Yow! The algorithm I gave for insidedness testing only works if:

1. The quadrilateral is non-self-intersecting

2. The quadrilateral is convex (i.e. non-concave)

I think 1 is reasonable but 2 makes it a lot weaker.

You could always split the quad into two triangles,

which are GUARANTEED to be convex, then use the same

algorithm. Be careful where you split it though.

For a quad there can be only one trio of vertices

where it is concave, you want the middle vertex to

be one of the endpoints of the splitting line segment.

WLOG you can walk around the polygon in either direction

starting from any point, looking for monotonicity in

the deflection angle.
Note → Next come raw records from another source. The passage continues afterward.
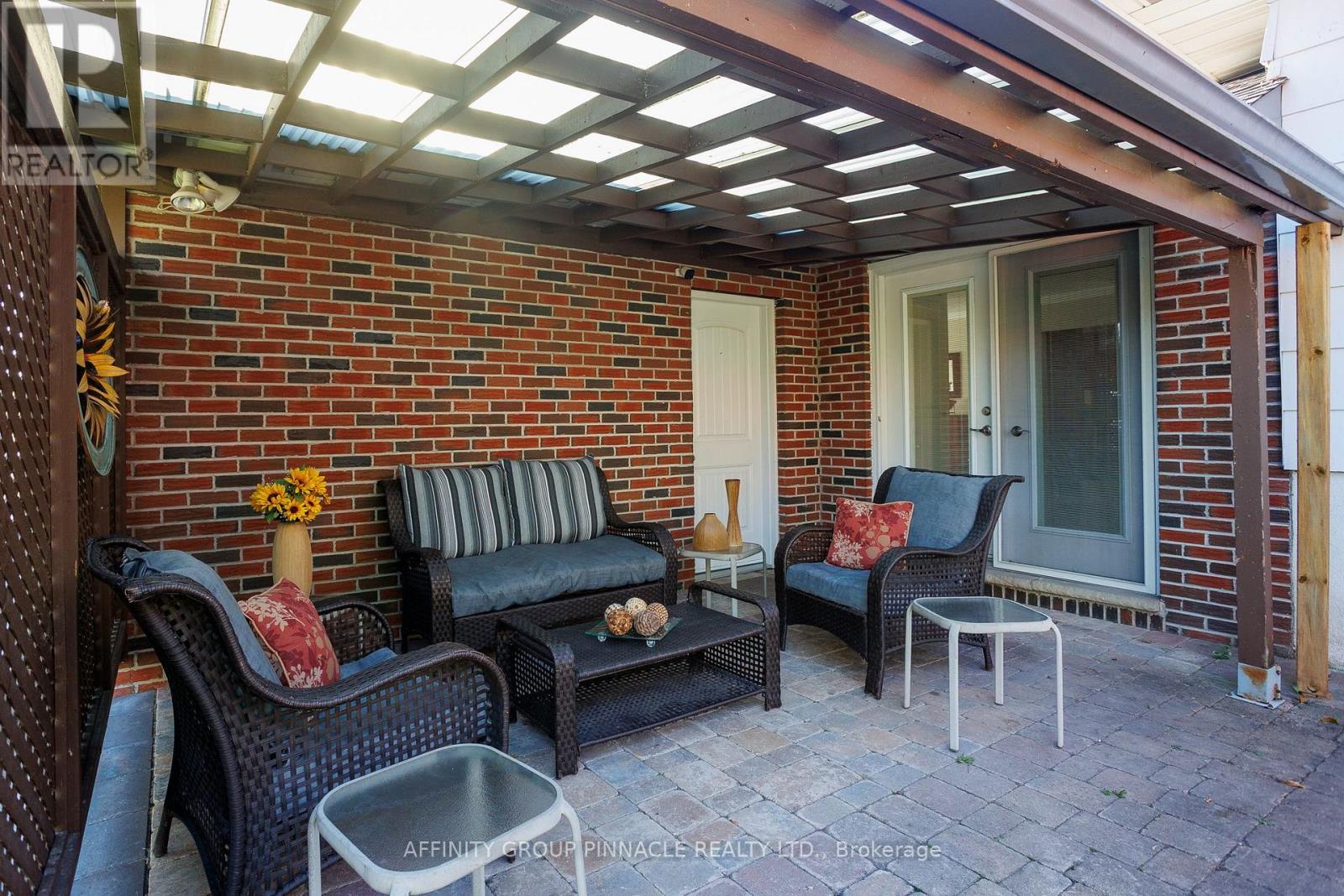 364 Riverdale Road, Brock, Ontario  L0K 1A0 - Photo 39 - N12450380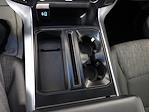 2023 Ford F-150 SuperCrew Cab 4x4 Pickup for sale #T101050A - photo 16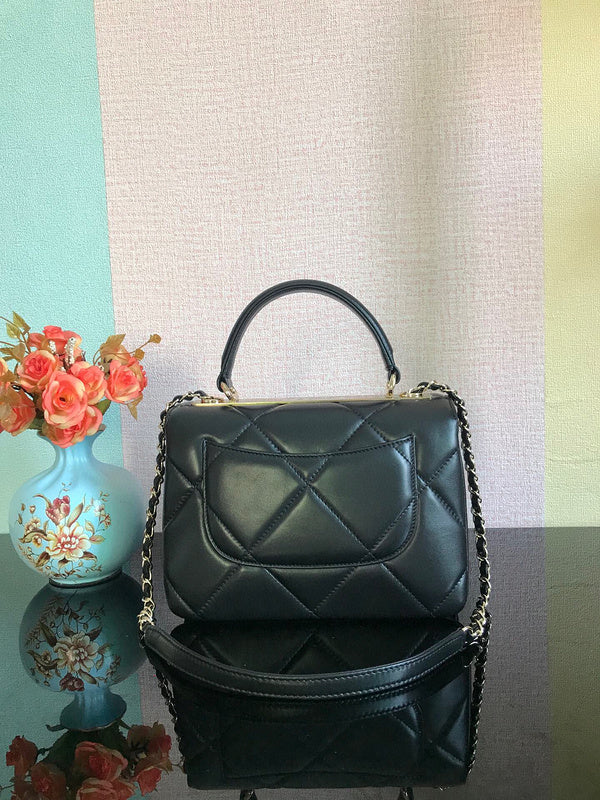 Amelia - CHL Bags - 3619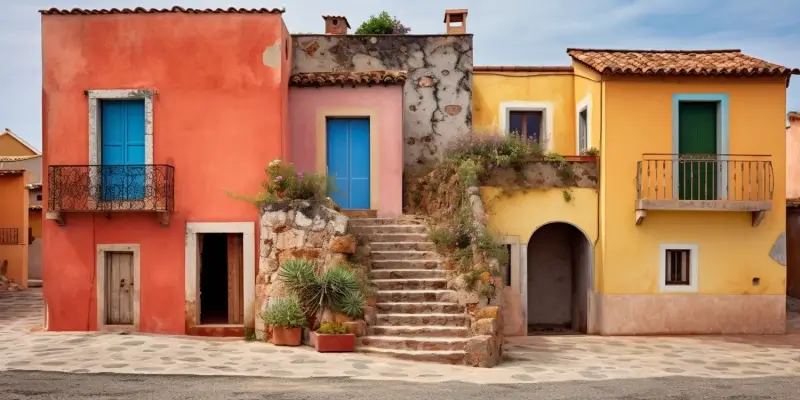 Jak skutecznie sprzedać nieruchomość?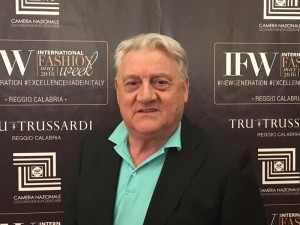 Gerardo Sacco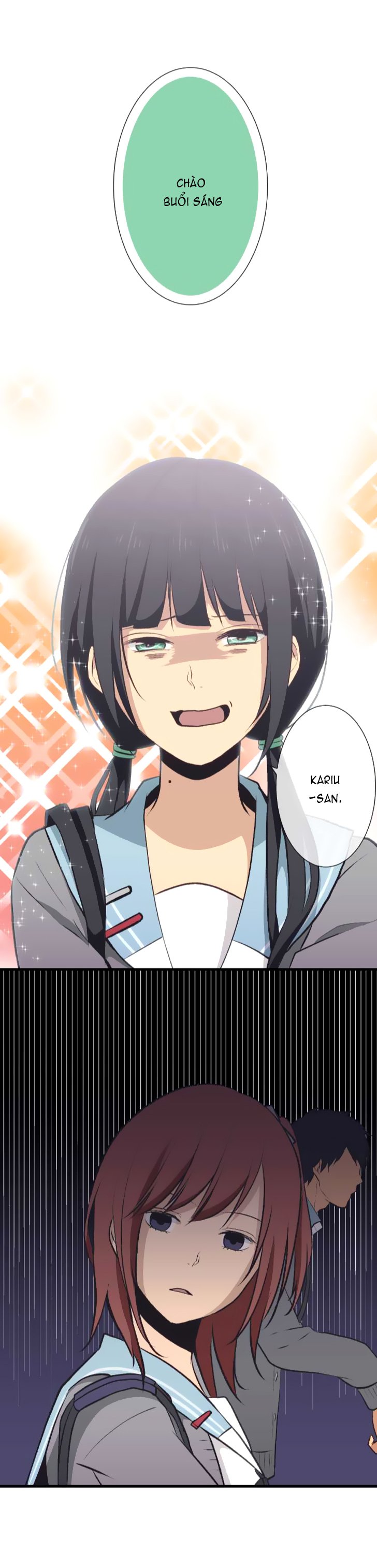 relife chapter 31 15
If it is monotonic the figure is

convex, if it changes sign there is an adjacent concavity

but I cannot see any better way than walking the entire

polygon and summing the deflection angles to find out

which sense the polygon is -- if the total is a multiple

of +360 degrees it is one sense, -360 degrees the other.

If the sense turns out to be backwards you can walk the

other way or invert all your tests.

To find a point to characterize inside/outside for

each segment you should be able to use an average

point, that is, a point whose x coordinate is the

average of the x coordinates of the vertices and

whose y coordinate is the average of the y coordinates

of the vertices.

Testing for self intersection is probably a n^2

problem which means you'd have to make 4*3 = 12

tests.

My old computer graphics teacher (to whom I spoke about this)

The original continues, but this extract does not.